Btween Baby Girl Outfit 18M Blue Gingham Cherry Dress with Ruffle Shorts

---

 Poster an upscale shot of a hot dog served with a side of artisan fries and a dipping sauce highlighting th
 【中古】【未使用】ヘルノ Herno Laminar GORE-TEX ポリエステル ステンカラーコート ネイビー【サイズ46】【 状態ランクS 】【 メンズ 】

* * *

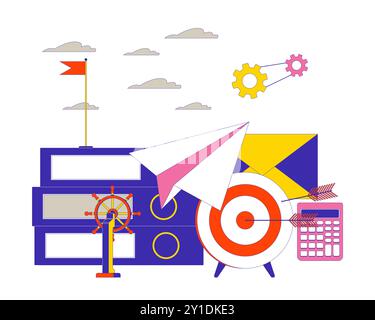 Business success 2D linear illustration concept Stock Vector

PROBLEM TO WORK ON -
The required answer is the exact run of lines above starting at the line with "Poster an upscale" and ending at the line with "状態ランクS 】【 メンズ 】", with both ends present.

SOLUTION -
 Poster an upscale shot of a hot dog served with a side of artisan fries and a dipping sauce highlighting th
 【中古】【未使用】ヘルノ Herno Laminar GORE-TEX ポリエステル ステンカラーコート ネイビー【サイズ46】【 状態ランクS 】【 メンズ 】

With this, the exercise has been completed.